Many thoughts come to my mind on this.
1. 100% sure there will be people who try to purposely inoculate themselves. Good or bad?
As I posted in another thread, there are instances of patients coming into the ED and trying to hide their past or current flu like symptoms because they don’t want to be quarantined, putting everyone in the ED at higher risk.
2. There is reasonable knowledge (even Fauci saying he would bet it is so) but no definitive conclusion by a study that this particular virus exempts people who were once infected. More on this in point 3 below.
3. There are enough studies to conclude that titer levels detected over time through serological tests is highly associated to severity of the disease. So, what does this mean for someone who had only mild symptoms, or no symptoms, being a vector? Not answered scientifically yet. For example, with MERS, it was shown that patients with mild symptoms did not have any detectable antibodies even at the 3-month post initial symptoms timeframe.

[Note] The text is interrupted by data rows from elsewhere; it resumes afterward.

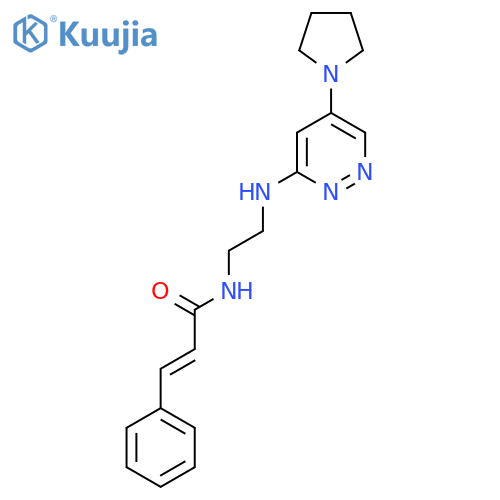 (2E)-3-phenyl-N-(2-{5-(pyrrolidin-1-yl)pyridazin-3-ylamino}ethyl)prop-2-enamide structure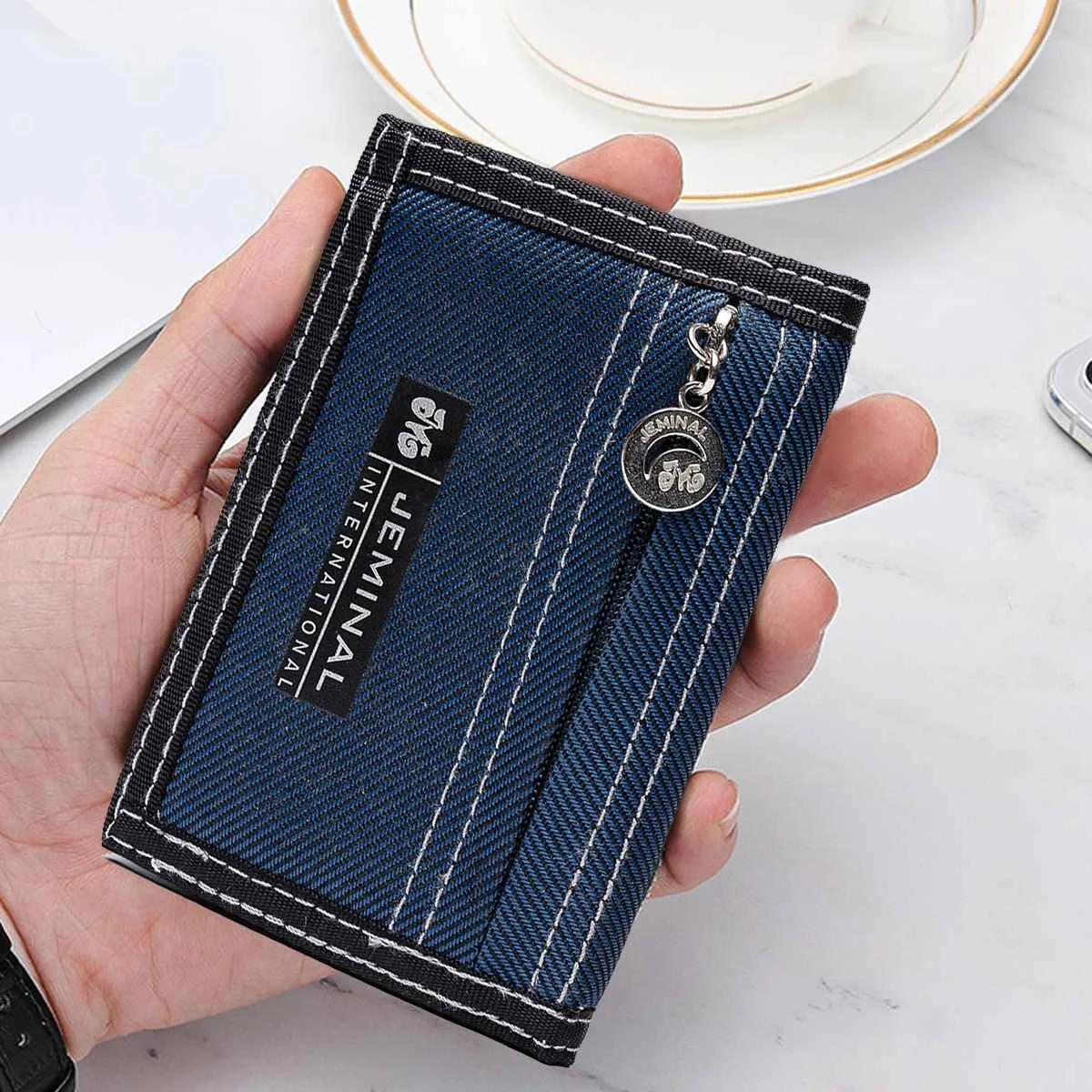 

2022 Short Wallet For Men Boy Slim Trifold Bifold Wallet with Zipper RFID Front Pocket Purse Secure Credit Card Holder Wallet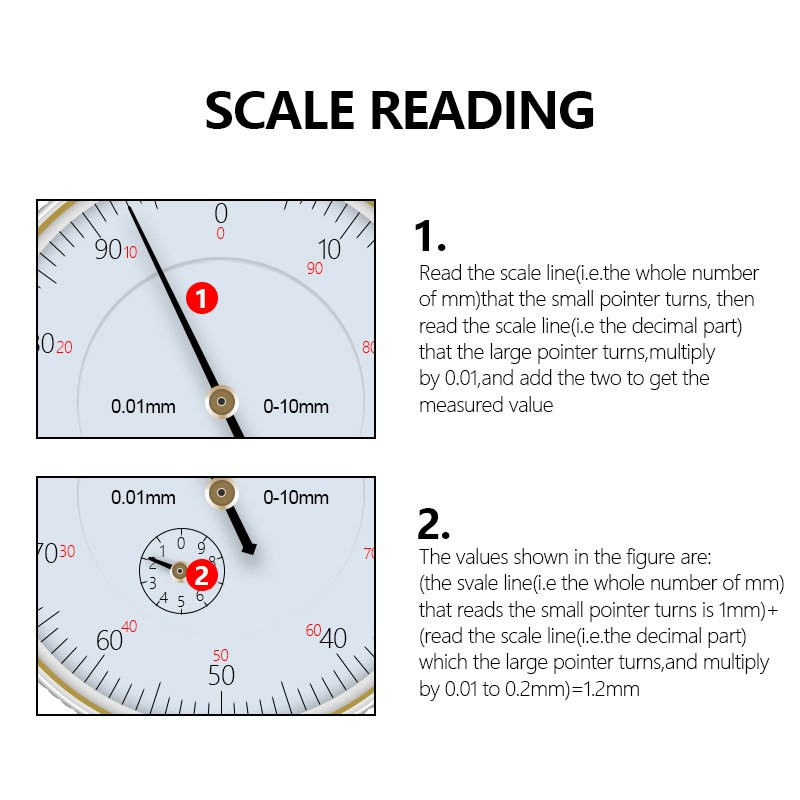HAMPTON 0–10 mm ciferblato indikatorius, tikslumas 0,01 mm matuoklis, matuoklis, mikrometras, bandymo matuoklio matavimo įrankis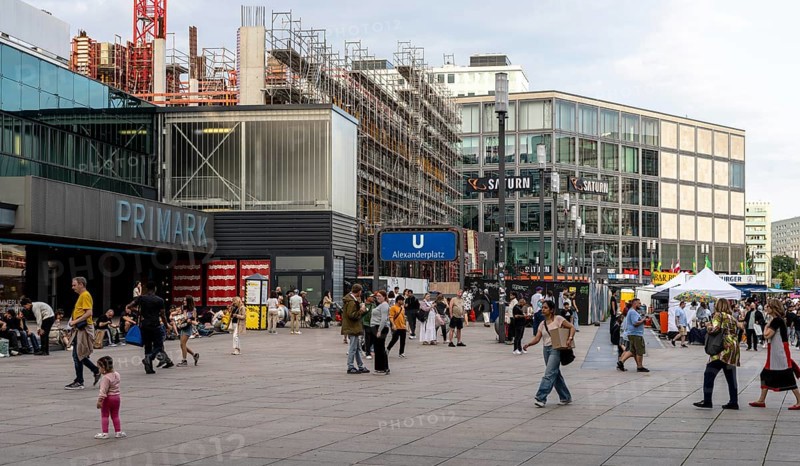 Collection of people on Alexanderplatz, Berlin, Germany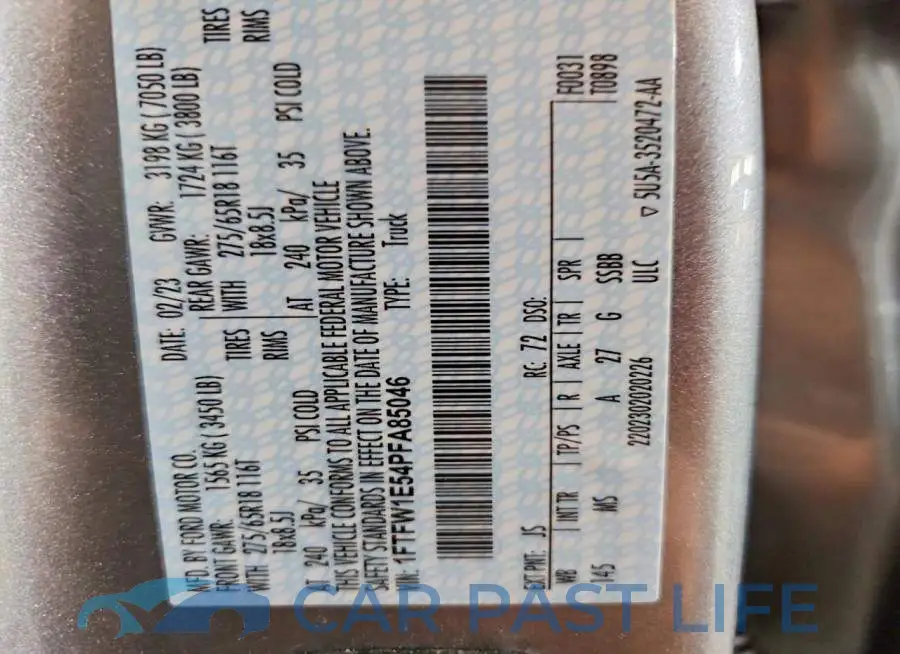 1FTFW1E54PFA85046# 12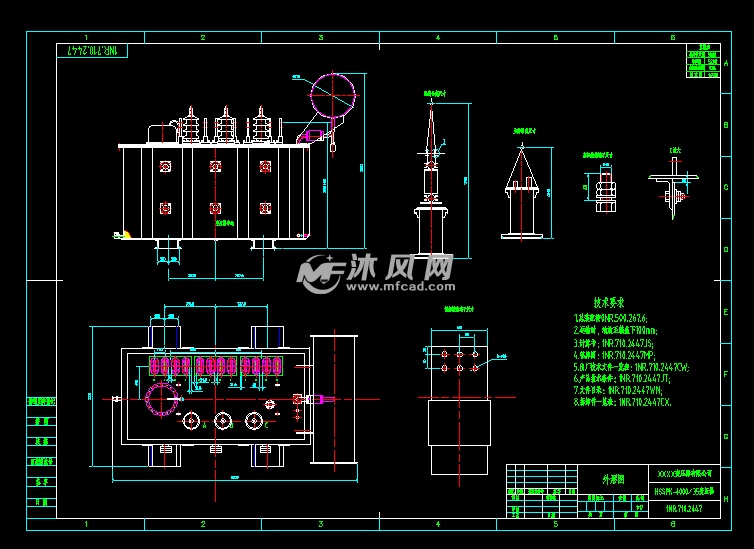 hsspk-4000/35变压器外形图 - 电子电工图纸 - 沐风网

4. Related to 2 and 3, does the health department have a criteria for what level of titer detected can a certificate be issued?
5. The health department should NOT base any certification decisions on patients who used at-home tests. So many ways someone can cheat that.
6. Make sure the sensitivity and specificity of the particular test(s) used is high enough. And since no test is 100% sensitive and specific, require successive tests as confirmation. This is even SOP with presumptive cases. So, it better be to let people out.
7. It’s a good idea. As long as enough precautions and the right procedures are in place.